_Task to complete:_
What is the number of lines in the data below that contain "page"? Reply with the number only.

======== Records to process

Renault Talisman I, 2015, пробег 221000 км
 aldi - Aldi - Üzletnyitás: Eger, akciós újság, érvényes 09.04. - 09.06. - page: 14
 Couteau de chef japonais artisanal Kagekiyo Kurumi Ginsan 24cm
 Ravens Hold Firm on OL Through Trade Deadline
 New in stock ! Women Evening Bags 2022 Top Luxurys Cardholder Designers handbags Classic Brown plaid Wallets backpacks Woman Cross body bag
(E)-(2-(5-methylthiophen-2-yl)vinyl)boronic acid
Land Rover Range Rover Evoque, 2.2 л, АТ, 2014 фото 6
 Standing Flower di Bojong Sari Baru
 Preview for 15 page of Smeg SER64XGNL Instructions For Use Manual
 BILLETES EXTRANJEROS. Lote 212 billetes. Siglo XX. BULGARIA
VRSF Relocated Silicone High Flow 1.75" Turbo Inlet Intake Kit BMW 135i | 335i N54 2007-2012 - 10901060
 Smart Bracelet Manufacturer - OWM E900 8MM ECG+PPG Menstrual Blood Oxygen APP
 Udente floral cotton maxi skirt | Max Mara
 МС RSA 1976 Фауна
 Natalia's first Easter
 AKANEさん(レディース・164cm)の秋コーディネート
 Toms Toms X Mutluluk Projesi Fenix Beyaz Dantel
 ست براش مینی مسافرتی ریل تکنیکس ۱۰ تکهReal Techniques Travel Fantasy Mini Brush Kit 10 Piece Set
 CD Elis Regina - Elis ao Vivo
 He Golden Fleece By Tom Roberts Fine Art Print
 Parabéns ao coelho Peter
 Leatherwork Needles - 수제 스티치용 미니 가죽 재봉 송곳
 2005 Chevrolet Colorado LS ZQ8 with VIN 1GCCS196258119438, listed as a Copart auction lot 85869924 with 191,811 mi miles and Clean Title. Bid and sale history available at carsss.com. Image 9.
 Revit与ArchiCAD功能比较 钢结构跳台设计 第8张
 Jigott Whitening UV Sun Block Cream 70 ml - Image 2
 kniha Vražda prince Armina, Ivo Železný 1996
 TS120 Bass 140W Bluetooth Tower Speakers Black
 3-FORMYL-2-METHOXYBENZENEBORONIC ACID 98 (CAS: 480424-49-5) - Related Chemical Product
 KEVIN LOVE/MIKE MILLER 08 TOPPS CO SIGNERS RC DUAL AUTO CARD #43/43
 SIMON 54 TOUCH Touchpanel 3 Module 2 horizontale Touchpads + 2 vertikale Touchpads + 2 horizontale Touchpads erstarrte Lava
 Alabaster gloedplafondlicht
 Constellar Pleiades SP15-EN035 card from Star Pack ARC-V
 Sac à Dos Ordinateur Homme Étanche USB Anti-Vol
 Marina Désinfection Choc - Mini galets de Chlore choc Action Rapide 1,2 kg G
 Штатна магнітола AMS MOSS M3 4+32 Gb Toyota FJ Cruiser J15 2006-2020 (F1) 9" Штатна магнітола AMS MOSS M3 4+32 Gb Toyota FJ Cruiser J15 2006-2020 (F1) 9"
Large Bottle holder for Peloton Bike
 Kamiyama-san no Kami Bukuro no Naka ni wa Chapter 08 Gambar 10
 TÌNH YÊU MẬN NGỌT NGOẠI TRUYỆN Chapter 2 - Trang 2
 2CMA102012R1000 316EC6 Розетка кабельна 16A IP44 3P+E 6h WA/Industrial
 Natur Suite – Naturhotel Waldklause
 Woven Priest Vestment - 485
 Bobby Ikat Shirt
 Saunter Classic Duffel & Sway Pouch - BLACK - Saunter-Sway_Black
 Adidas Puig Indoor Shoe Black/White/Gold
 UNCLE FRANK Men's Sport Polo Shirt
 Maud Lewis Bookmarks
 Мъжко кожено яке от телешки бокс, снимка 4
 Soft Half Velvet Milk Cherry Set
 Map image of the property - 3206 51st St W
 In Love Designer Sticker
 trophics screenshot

================

_Solution to this task:_
2